Feria de Málaga

Feria de Málaga: el baile y la música inauguran la fiesta

Dos jóvenes bailan festejando el comienzo de la Feria.

Dos jóvenes bailan festejando el comienzo de la Feria. / CARLOS GUERRERO (Málaga)

Nada más bajar del autobús, un tipo de veintipocos años, enfundado en un uniforme de un conocido restaurante del Centro, se enciende un canuto, impregnando el ambiente, digámoslo así, con fragancias originarias del lejano Oriente. Avanza por el Paseo de los Curas, meneando la cabeza de un lado a otro, confundido, sin dar crédito de la cantidad de transeúntes que por allí pasean. Pareciera que no sabe, o no recuerda, que Málaga ha empezado su Feria este sábado. Ya se enterará cuando llegue al trabajo, ya.

Aún no eran las doce, hora de inicio oficial de la fiesta, cuando la calle Larios ya bullía de fiesta: los puestos aguardaban en perfecto estado de revista, se dejaban ver bastantes mujeres vestidas de flamenca y la Romería hacia el Santuario de la Victoria, que cumple su cuarenta aniversario la presente edición, pasaba frente a la arteria principal de la ciudad mientras un goteo incesante de personas, sobre todo del sector más tradicionalista, llegaba y tomaba posiciones a golpe de esparteña y movimientos de abanico. 

Todo, en plena consonancia con la nueva portada, pretendidamente folclorista, que acabó acogiendo en su seno al anterior conjunto al completo, que cantó y bailó bajo ella, así como en sus alrededores, hasta extenuarse. Tuvieron, pues, los defensores a ultranza del formato tradicional de la Feria del Centro una jornada inaugural tranquila y apacible como no recuerdan las hemerotecas. Si acaso, por poner alguna pega, fueron las batucadas, estruendosas como ellas solas, las que aportaron una somera dosis de pesadez. 

A pocos pasos de allí, al grito de “viva”, simple pero directo, un grupo de jóvenes, al parecer turistas, se echaba al cuerpo un trago de vino.
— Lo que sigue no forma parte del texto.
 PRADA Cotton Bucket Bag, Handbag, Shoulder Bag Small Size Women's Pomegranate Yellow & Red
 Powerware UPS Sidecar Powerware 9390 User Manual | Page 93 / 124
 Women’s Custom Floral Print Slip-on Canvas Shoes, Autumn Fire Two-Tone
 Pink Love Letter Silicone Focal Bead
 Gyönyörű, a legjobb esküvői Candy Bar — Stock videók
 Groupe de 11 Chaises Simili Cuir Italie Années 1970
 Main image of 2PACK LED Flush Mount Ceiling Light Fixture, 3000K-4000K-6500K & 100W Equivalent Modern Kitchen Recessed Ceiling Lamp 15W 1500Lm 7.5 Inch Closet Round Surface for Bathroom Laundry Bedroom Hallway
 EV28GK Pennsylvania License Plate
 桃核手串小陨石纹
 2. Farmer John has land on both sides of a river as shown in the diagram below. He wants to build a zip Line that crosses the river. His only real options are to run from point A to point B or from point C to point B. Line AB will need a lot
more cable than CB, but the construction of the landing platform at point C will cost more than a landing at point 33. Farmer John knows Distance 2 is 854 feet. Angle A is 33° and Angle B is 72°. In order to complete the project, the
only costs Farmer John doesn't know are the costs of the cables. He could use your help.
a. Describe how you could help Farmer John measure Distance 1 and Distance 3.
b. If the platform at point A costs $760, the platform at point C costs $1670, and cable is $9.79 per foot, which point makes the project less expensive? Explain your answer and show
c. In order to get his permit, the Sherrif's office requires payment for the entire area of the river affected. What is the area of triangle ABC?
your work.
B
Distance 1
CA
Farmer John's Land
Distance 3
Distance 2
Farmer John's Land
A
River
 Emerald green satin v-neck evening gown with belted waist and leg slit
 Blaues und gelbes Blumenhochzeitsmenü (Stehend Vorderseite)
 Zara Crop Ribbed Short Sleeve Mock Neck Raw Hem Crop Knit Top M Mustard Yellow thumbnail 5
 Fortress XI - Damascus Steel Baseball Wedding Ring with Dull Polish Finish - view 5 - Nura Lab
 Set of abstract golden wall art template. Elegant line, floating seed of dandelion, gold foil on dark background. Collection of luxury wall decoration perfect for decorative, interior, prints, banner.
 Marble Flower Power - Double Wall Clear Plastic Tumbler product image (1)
La botella, aunque compartida, marcaba un nivel más bajo del que la hora exigiría al bebedor promedio, pero aquí cada uno va su ritmo, y ya habría tiempo de reflexionar acerca de lo deglutido la mañana siguiente.

Porque, pese al relajado ambiente general, hubo alcohol; vaya si lo hubo: la plaza de la Constitución volvió a tomar su forma acostumbrada, recubierta por una pátina avinagrada que dejaba pegadas las suelas de los zapatos, mientras que muchas callejuelas no muy lejanas, el caso más brutal resultó ser Santa Lucía, se convirtieron en un charquinal de orines. Curioso se presentó el caso de la calle Convalecientes por lo atinado de su nombre, en cuyos locales se guarecieron algunos de los más perjudicados. Alguna despedida de soltero incluida. 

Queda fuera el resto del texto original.